• ASSIGNED TASK
Find the line below with "Ubuntu Beach Villas Dining area". Print it and every line after it exactly, through the last line, leaving out the pictures.

• DATA SHOWN
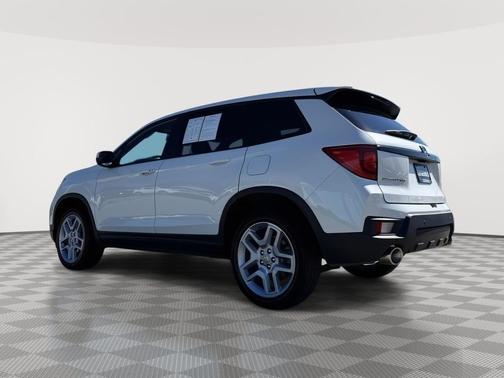 Platinum White Pearl 2025 Honda Passport AWD EX-L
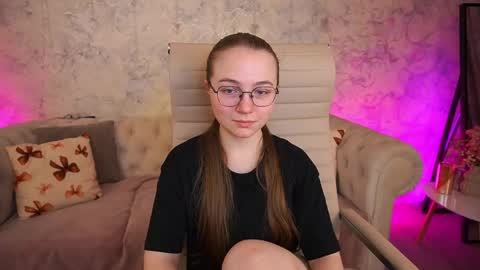 arrinawair online show from April 2026 06:41:02 AM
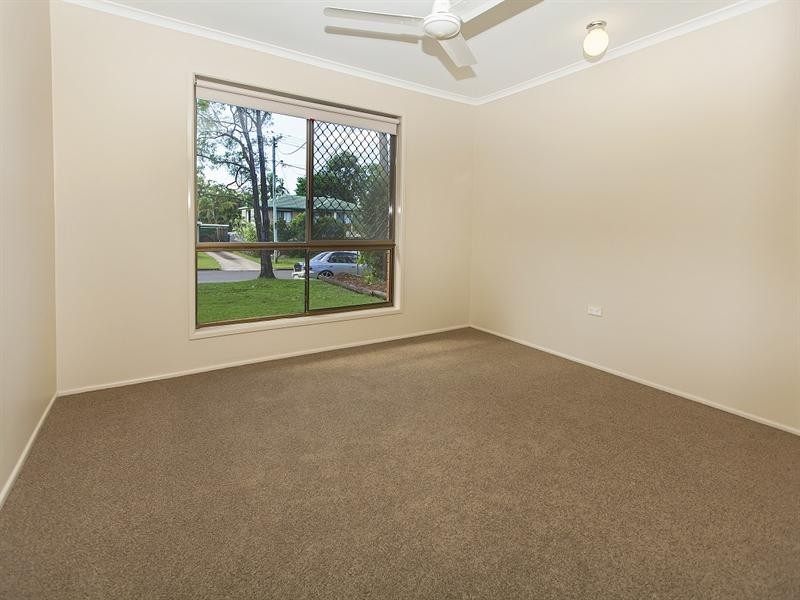 12 Lorraine Street, Camira QLD 4300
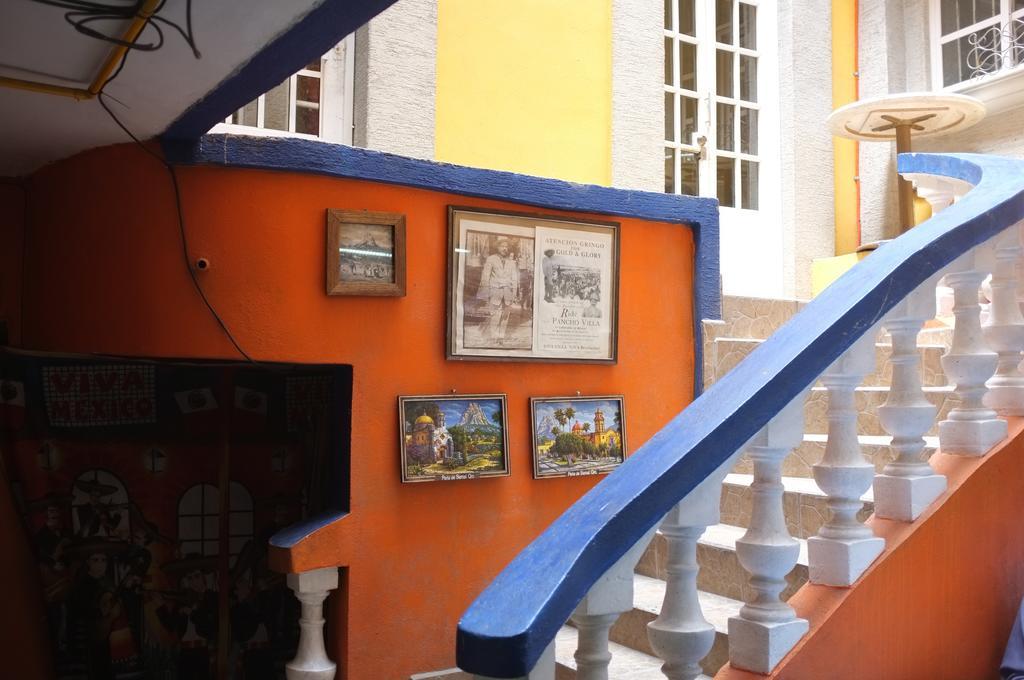 Hostel 399 Conejos Y Yo Мехико Экстерьер фото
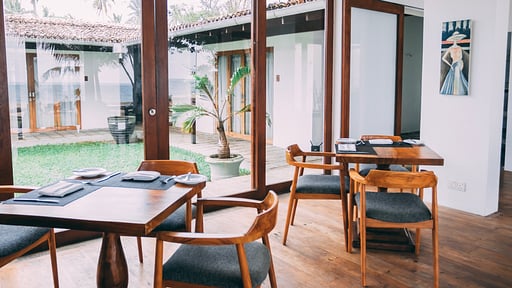 Ubuntu Beach Villas Dining area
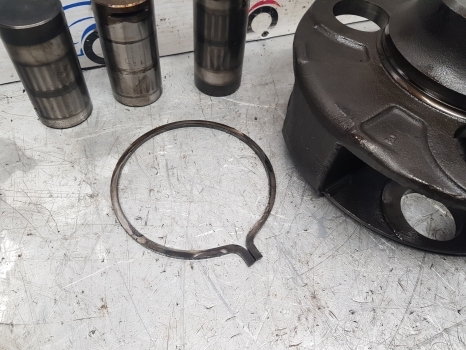Claas Renault Ares 600 Ser Rx, Rz, Atz 696 Rear Axle Planet Carrier 6005019446 - Arka aks - Traktör: fotoğraf 3 Claas Renault Ares 600 Ser Rx, Rz, Atz 696 Rear Axle Planet Carrier 6005019446 - Arka aks - Traktör: fotoğraf 3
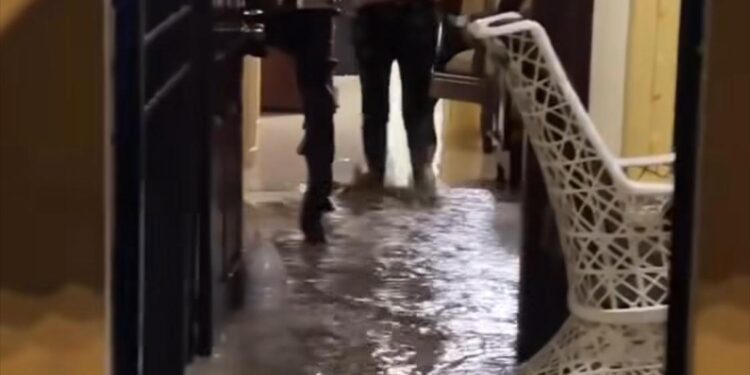 Río Lemba inunda varias casas en Las Salinas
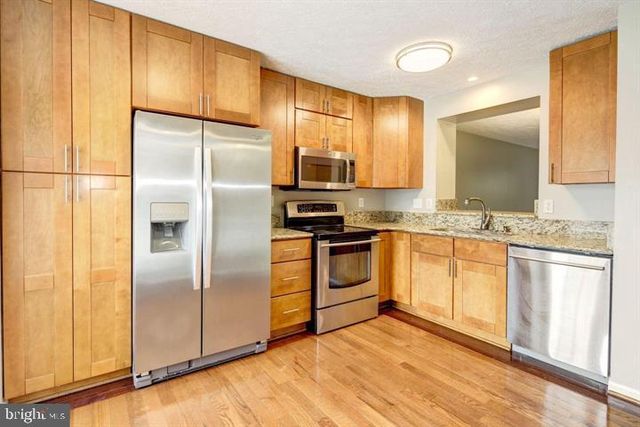 6112 STARBURN PATH, Columbia, MD 21045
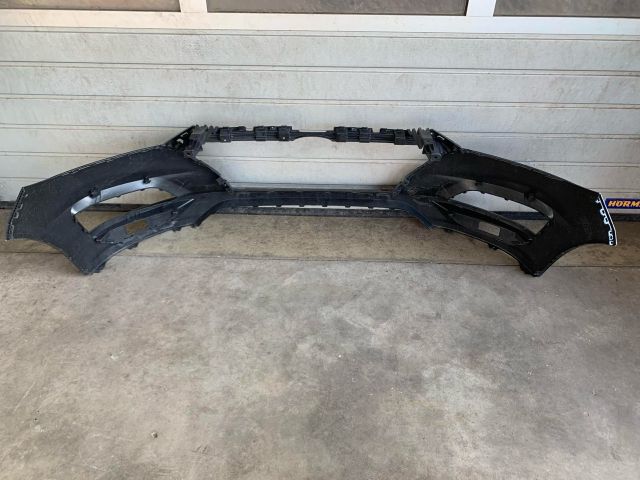 bontott HYUNDAI TUCSON II Első Lökhárító (Üresen)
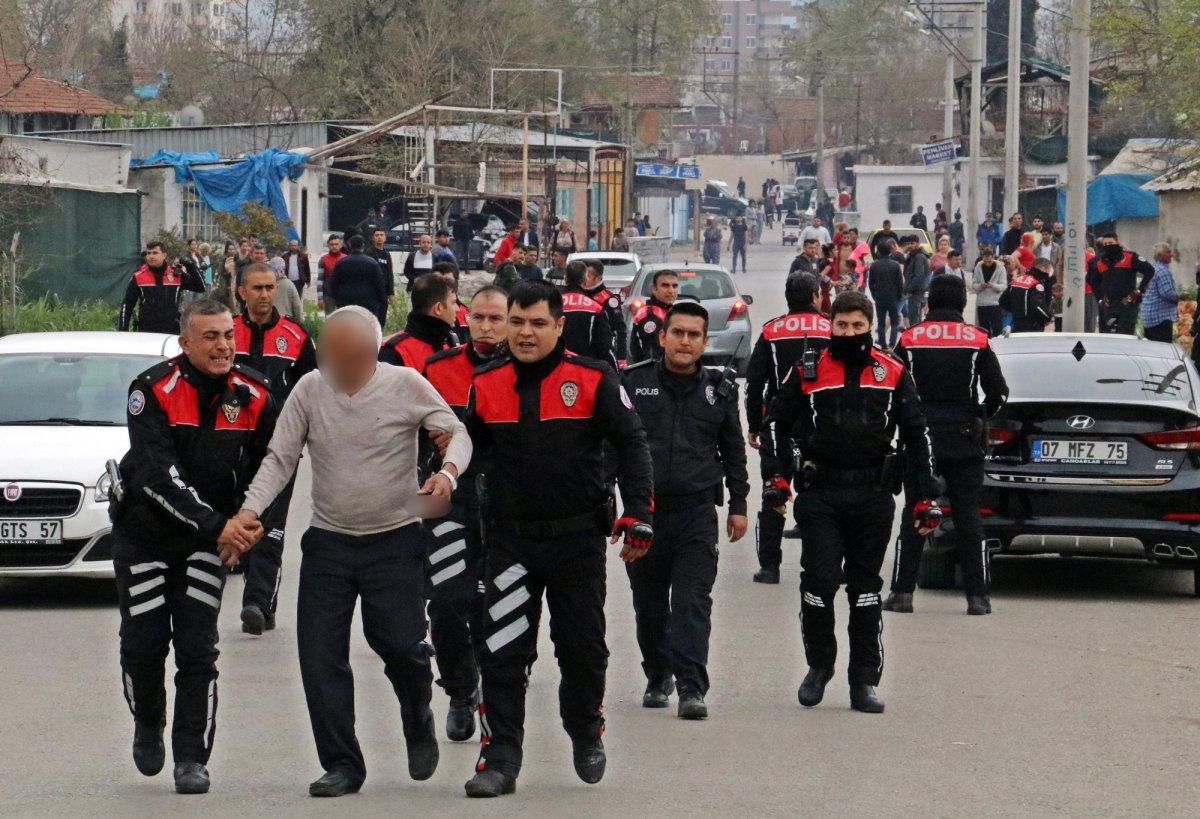 Ehliyetsiz sürücü ve yakınları ortalığı birbirine kattı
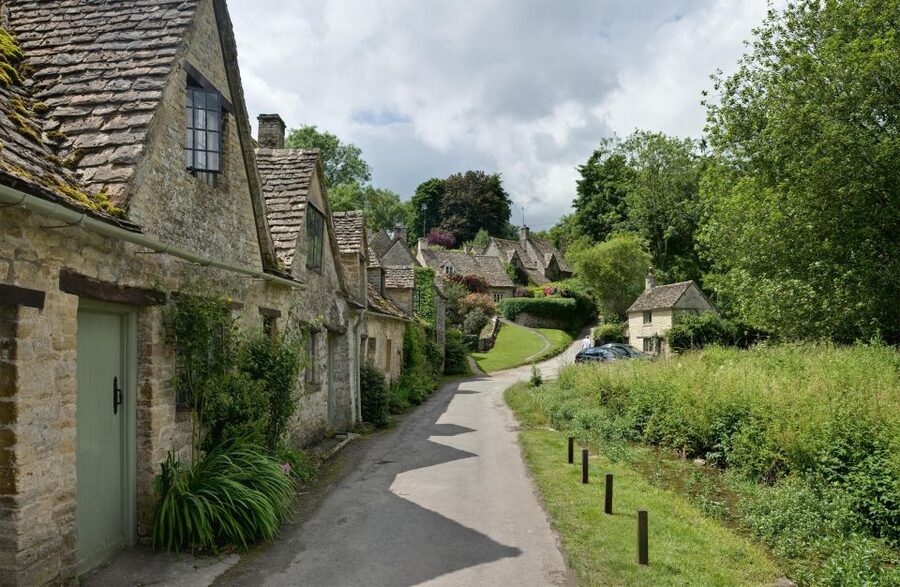 From London: Full-day Cotswolds Tour with Optional Lunch - Weather, crowds, and the right season
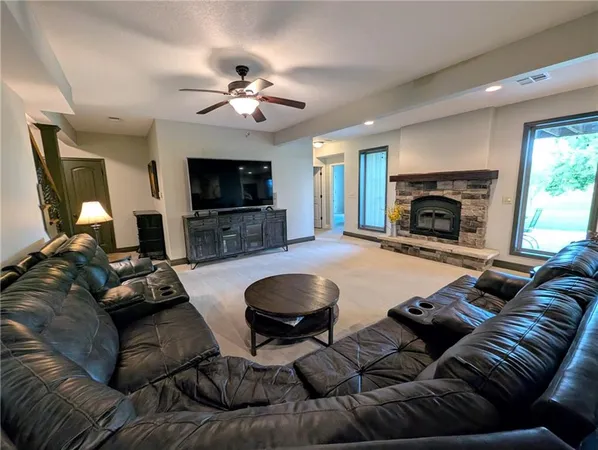 $1,695,000 | 22785 South Renner Road, Spring Hill, KS 66083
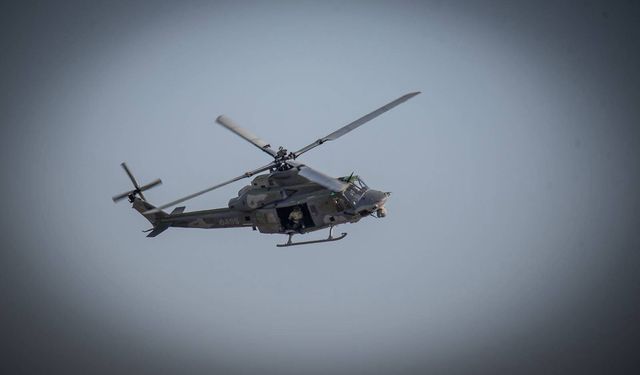 Çekya'da askeri helikopter düştü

• ANSWER BELOW
 Ubuntu Beach Villas Dining area
Claas Renault Ares 600 Ser Rx, Rz, Atz 696 Rear Axle Planet Carrier 6005019446 - Arka aks - Traktör: fotoğraf 3 Claas Renault Ares 600 Ser Rx, Rz, Atz 696 Rear Axle Planet Carrier 6005019446 - Arka aks - Traktör: fotoğraf 3
 Río Lemba inunda varias casas en Las Salinas
 6112 STARBURN PATH, Columbia, MD 21045
 bontott HYUNDAI TUCSON II Első Lökhárító (Üresen)
 Ehliyetsiz sürücü ve yakınları ortalığı birbirine kattı
 From London: Full-day Cotswolds Tour with Optional Lunch - Weather, crowds, and the right season
 $1,695,000 | 22785 South Renner Road, Spring Hill, KS 66083
 Çekya'da askeri helikopter düştü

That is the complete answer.